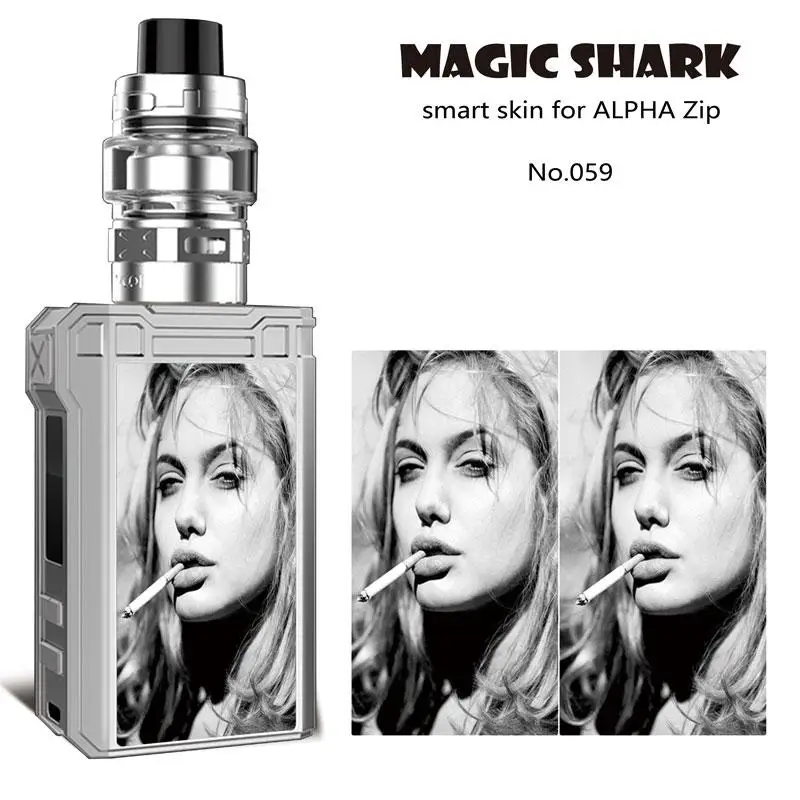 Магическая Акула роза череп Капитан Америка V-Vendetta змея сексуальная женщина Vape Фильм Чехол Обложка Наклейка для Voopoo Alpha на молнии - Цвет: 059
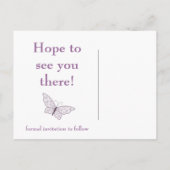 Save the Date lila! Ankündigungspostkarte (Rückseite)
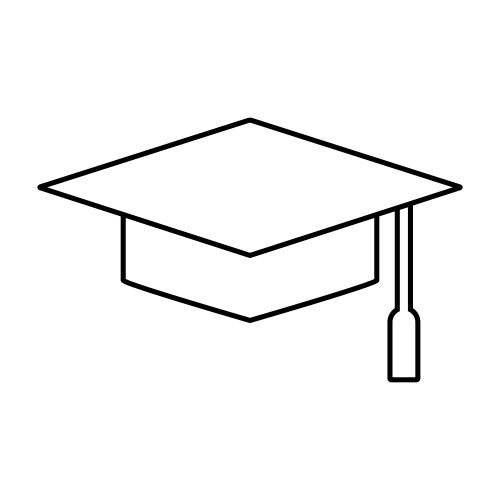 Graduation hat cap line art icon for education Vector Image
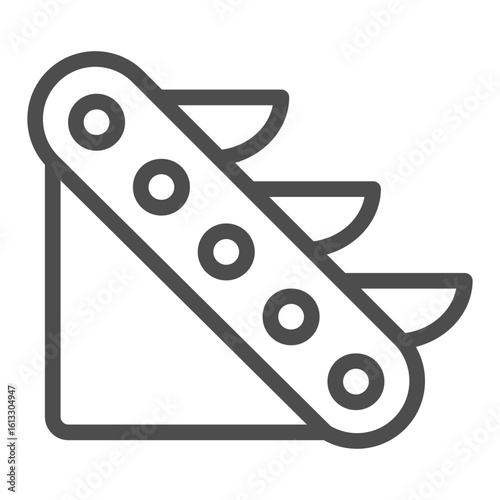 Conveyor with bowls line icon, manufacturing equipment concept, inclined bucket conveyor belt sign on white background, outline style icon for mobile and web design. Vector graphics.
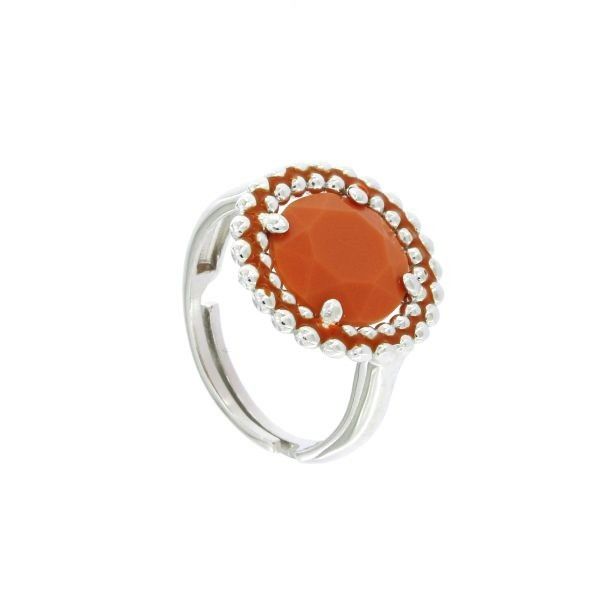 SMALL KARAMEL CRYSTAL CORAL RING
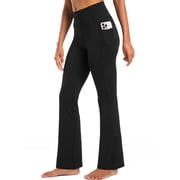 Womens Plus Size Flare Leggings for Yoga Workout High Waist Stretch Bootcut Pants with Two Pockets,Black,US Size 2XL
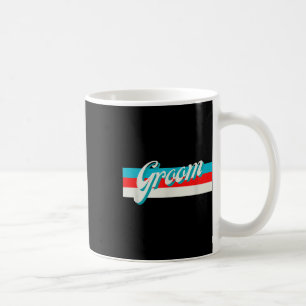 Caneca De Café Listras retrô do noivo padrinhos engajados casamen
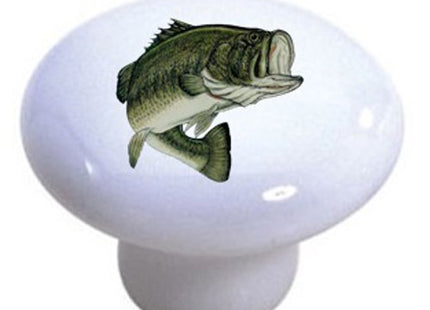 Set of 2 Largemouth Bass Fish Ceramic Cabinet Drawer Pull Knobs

───

YOUR TASK:
No pictures should appear in the answer, which is to be the lines from the line with "Conveyor with bowls" through the end of the records above, restated exactly.

RESPONSE:
 Conveyor with bowls line icon, manufacturing equipment concept, inclined bucket conveyor belt sign on white background, outline style icon for mobile and web design. Vector graphics.
 SMALL KARAMEL CRYSTAL CORAL RING
 Womens Plus Size Flare Leggings for Yoga Workout High Waist Stretch Bootcut Pants with Two Pockets,Black,US Size 2XL
 Caneca De Café Listras retrô do noivo padrinhos engajados casamen
 Set of 2 Largemouth Bass Fish Ceramic Cabinet Drawer Pull Knobs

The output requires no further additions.